Lesson video
In progress...Loading...
Hello there.
My name is Mr. Goldie, and welcome to today's maths lesson.
And here is our learning outcome.
"I can use knowledge of non-unit fractions "to solve problems." And here are the keywords for today's lesson.
Bit tricky, these keywords, but have a go repeating the key word after I say it.
So the first keyword is denominator, and the next keyword is numerator.
Let's take a look at what those words mean.
"A denominator is the bottom number written in a fraction.
"It shows how many parts a whole has been divided into.
"A numerator is the top number written in a fraction.
"It shows how many parts we have." And here's our lesson outline.
So the first part of the lesson is called "Working out the Fraction", and the second part of the lesson is "Solving Problems".
Let's get started.
In this lesson, you will meet Sofia and Jacob.
Now lots of people find fractions a bit tricky.
Sofia and Jacob are here to help you.
Jacob and Sofia are looking at different fraction representations.
"First we're going to work out the fraction of the shape "that is shaded," says Jacob.
"There are seven equal parts," says Sofia.
"The denominator is seven." So the denominator, it's the bottom number in the fraction, and that tells us how many parts there are in total.
Three parts are shaded, the numerator is three.
So the numerator is the top number in a fraction.
And that shows how many parts that we have or how many parts we're talking about.
So Jacob said, "How many parts are shaded?" 3/7 of the shape are shaded.
"I'm going to shade 3/7 "of the next shape," says Jacob.
So the next shape is also divided into seven equal parts and Jacob shades three of them.
Remember, it doesn't matter which three he shades, he can shade any three and he will be shading 3/7 of the shape.
Next I'm going to find 3/7 of the oranges.
So Jacob circles three of the oranges.
Three out of the seven oranges, 3/7 of the oranges.
Jacob and Sofia are looking at different fraction representations.
"First we're going to work out the fraction of the shape "that is shaded," says Jacob.
"There are 11 equal parts.
"The denominator is 11," says Sofia.
The bottom number, our total number of parts is 11.
"Six parts are shaded.
The numerator is six." So the fraction of that shade that is shaded is 6/11.
"I'm going to shade 6/11 "of the next shape," says Jacob.
So the next shape is divided into 11 equal parts, Jacob shades six of them, so he has shaded 6/11 of that shape.
I'm going to find 6/11 of the apples.
There are 11 apples altogether, six of the apples would represent 6/11 of the total number of apples.
"What representation is the odd one out? "There are three representations there, "which is the odd one out?" "Write the denominator "and numerator for each representation." "Which one shows a different fraction?" So the first representation there are nine parts and five of them are shaded.
So that fraction there represented is 5/9.
The second shape, there are nine parts, six of them are shaded.
So that shape represents 6/9.
Last representation, there are nine bananas altogether, five of them have been grouped together.
So 5/9 of the bananas are in that group.
So that represents 5/9.
Which is the odd one out?
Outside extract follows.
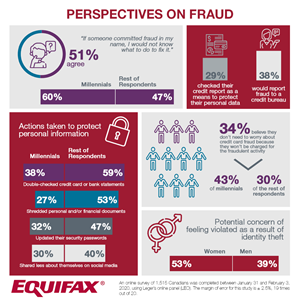 Perspectives on Fraud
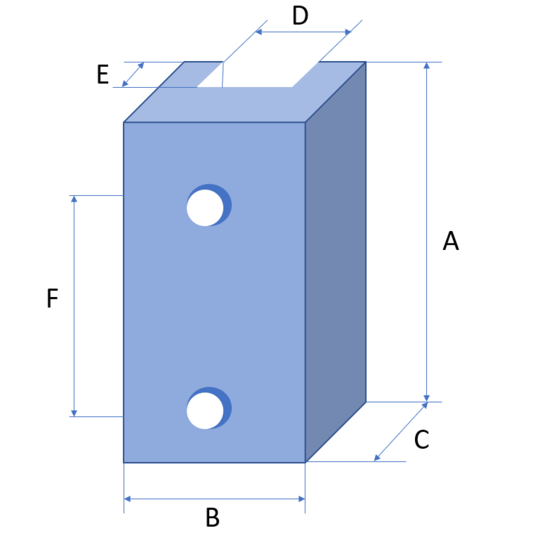 Trgovina/Vlozek_vodilne_celjusti_3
That middle one, 'cause that shape actually represents 6/9, whereas the other two represent 5/9.
"6/9 is the odd one out." Thank you Jacob.
Now it's your turn to have a think about which is the odd one out.
"Which representation is the odd one out?" "Write the denominator and numerator "for each representation.
"Which one shows a different fraction?" Pause the video and see if you can work out which is the odd one out.
And welcome back.
Let's take a look, see if you got the right odd one out.
So that first representation is 5/10.
There are ten equal parts, five of them are shaded, so that represents 5/10 of the whole shape.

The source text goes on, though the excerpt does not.